Earlier this week, a cold front pushed from the Ohio River Valley into the Tennessee Valley and Mid-Atlantic states. Interactions along and ahead of the boundary spawned clusters of severe thunderstorms, some of which produced hail and damaging winds over eastern Kentucky, Tennessee, and the foothills of the Carolina Appalachians. In addition, these storms dropped several inches of rainfall over portions of West Virginia and the Carolinas, which resulted in localized flash flooding.

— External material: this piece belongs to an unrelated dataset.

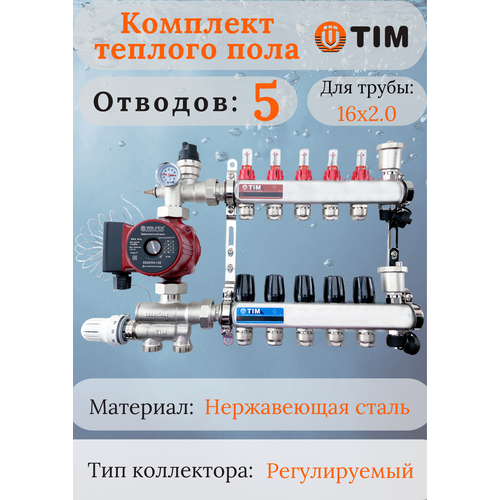 Комплект для водяного теплого пола : Коллектор 5 выходов с расходомерами 1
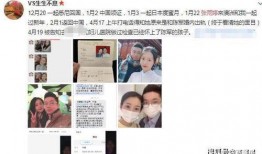 马小狄事件最新爆料,最新爆料揭露惊人内幕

Very heavy rain fell in a narrow strip from Charleston to Ansted. Significant flooding reported from Campbells Creek thru the Gauley Bridge area. Check with Kanawha and Fayette County authorities on ways you can help folks hit by this latest flooding. #WVwx #OHwx #KYwx #VAwx pic.twitter.com/15buXjO53S— NWS Charleston, WV (@NWSCharlestonWV) August 16, 2022
On Tuesday morning the front was sagging from the Mid Atlantic into northern Georgia and Alabama. The front is forecasted to continue migrating southward throughout the day, stalling in the vicinity of North Florida by Wednesday. As this occurs, column moisture levels over the northern half of the state are expected to substantially increase. Weak boundary interactions, increasing humidity levels, and daytime heating should all contribute to increase the scope and intensity of afternoon thunderstorm activity on Wednesday, especially near the I-10 corridor and along the spine of the peninsula.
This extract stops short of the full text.